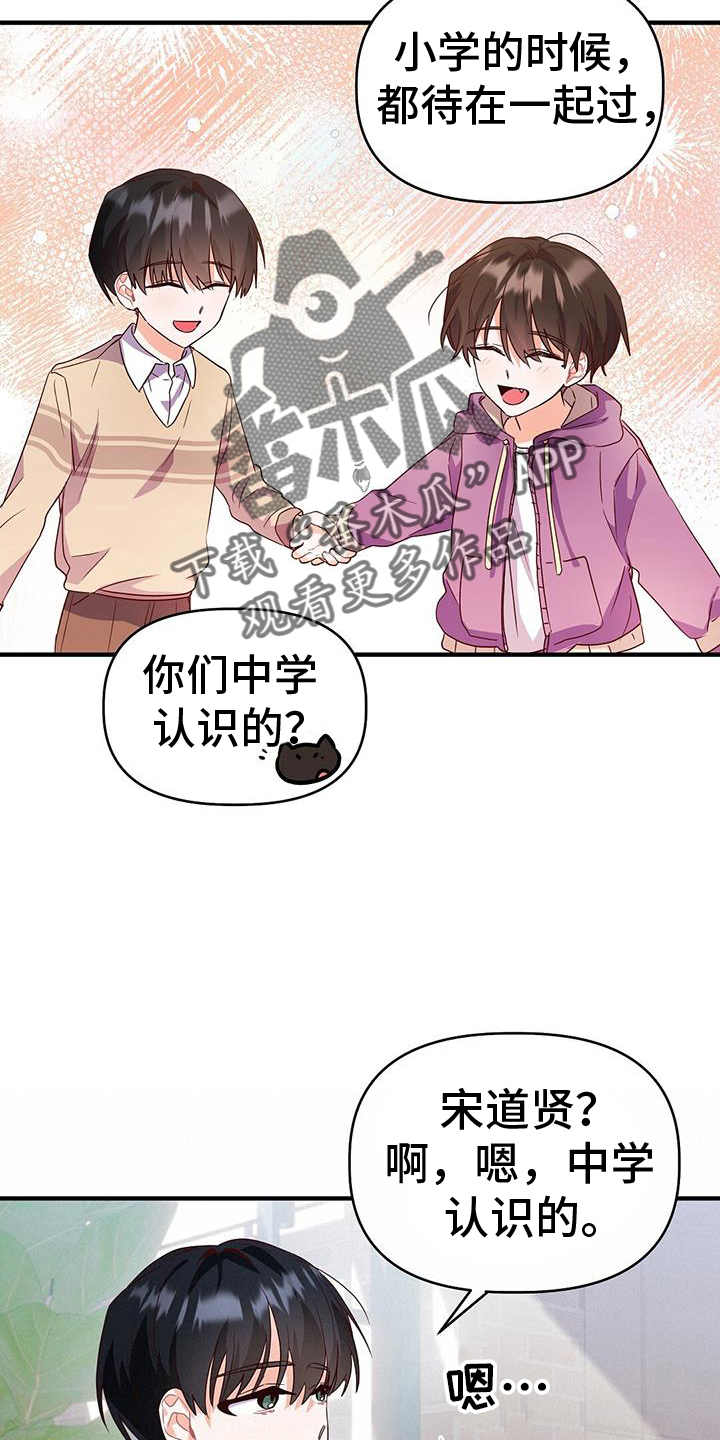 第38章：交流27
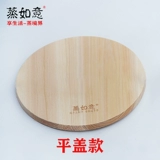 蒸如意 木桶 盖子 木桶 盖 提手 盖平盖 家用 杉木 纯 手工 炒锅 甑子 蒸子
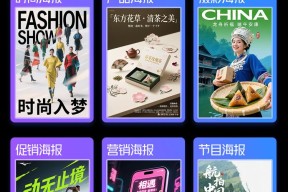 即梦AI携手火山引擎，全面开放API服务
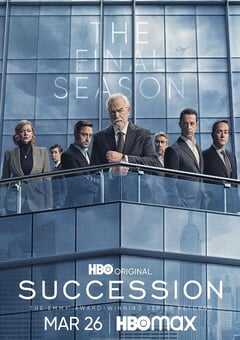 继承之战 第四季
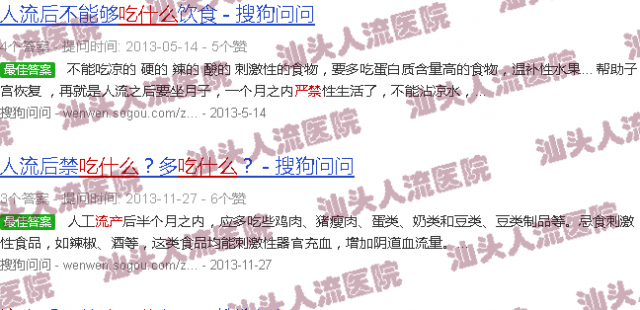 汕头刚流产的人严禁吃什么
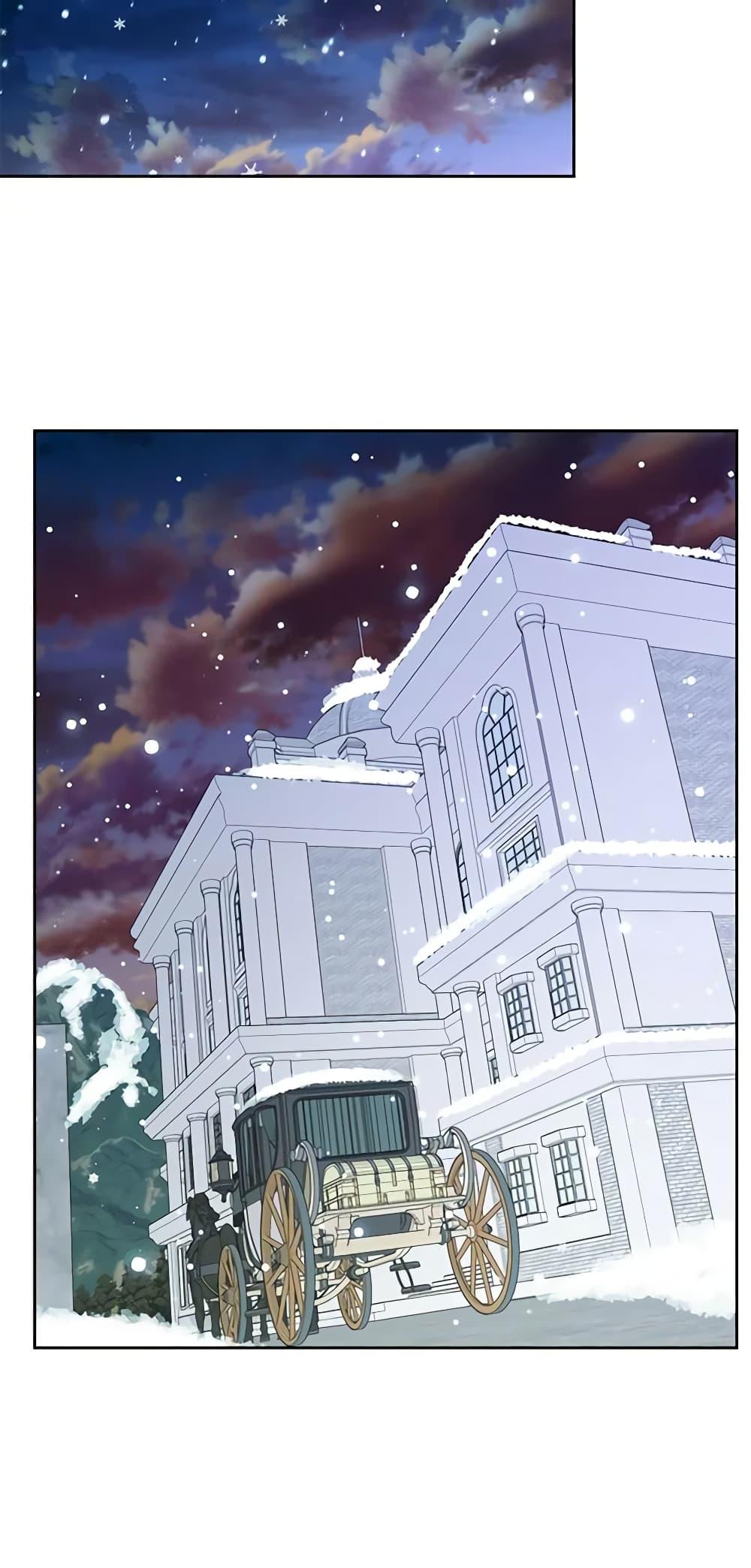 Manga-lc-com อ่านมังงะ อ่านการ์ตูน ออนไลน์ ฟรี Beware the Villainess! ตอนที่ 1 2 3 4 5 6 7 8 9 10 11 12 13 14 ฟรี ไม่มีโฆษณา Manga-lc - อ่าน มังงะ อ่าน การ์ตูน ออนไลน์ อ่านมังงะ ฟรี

┄┄┄┄┄┄

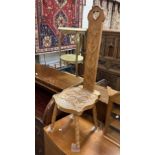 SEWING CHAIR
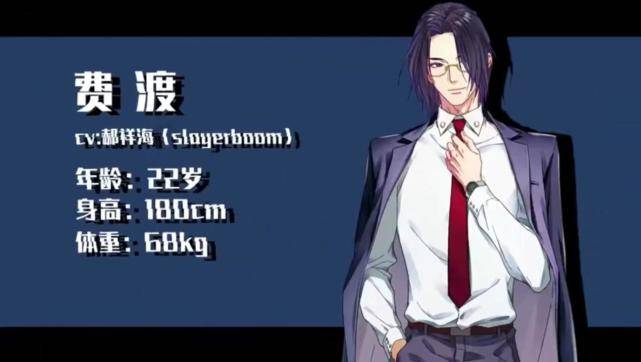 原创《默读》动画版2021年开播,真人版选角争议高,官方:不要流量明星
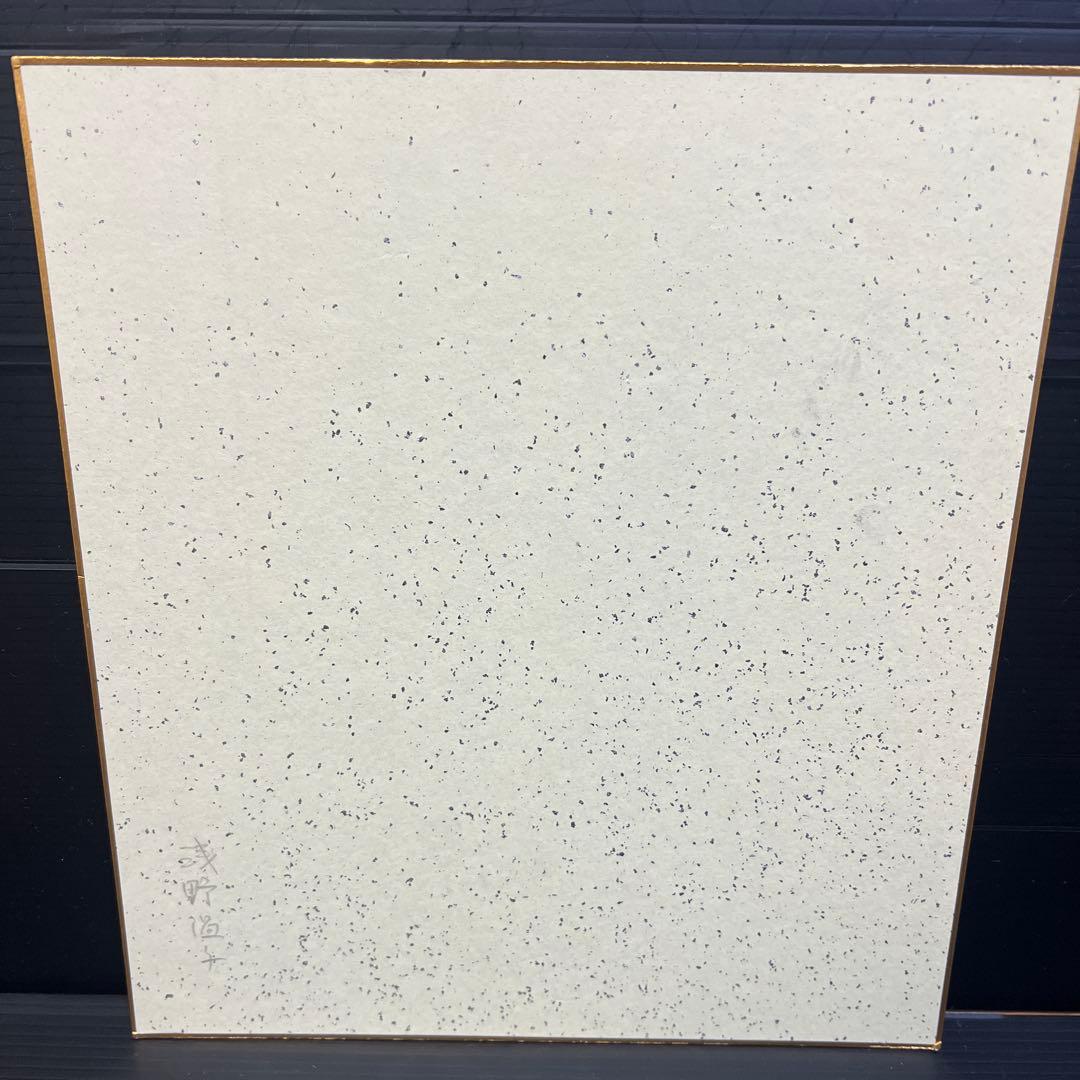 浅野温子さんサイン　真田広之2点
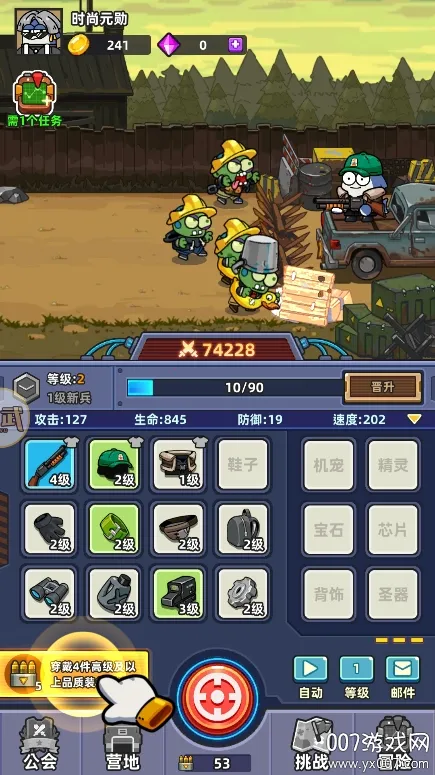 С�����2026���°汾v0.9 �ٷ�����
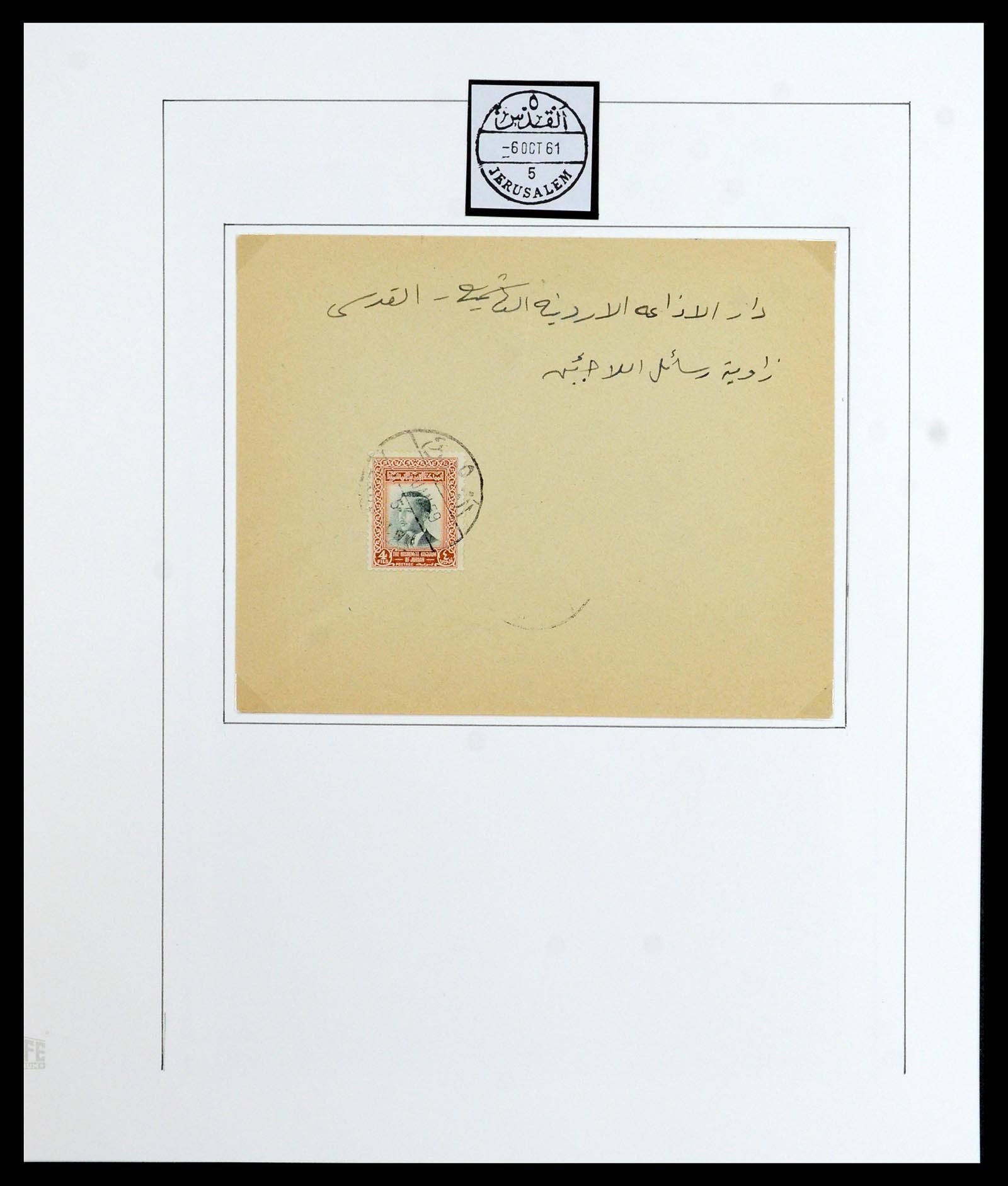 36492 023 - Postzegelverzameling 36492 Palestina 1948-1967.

┄┄┄┄┄┄

WHAT TO WORK ON: Only one part of the listing is wanted: the lines from the one containing "原创《默读》动画版2021年开播,真人版选角争议高,官方:不要流量明星" through the one containing "36492 023 - Postzegelverzameling", both included. Please transcribe it exactly, leaving out the pictures.

RESULT:
 原创《默读》动画版2021年开播,真人版选角争议高,官方:不要流量明星
 浅野温子さんサイン　真田広之2点
 С�����2026���°汾v0.9 �ٷ�����
 36492 023 - Postzegelverzameling 36492 Palestina 1948-1967.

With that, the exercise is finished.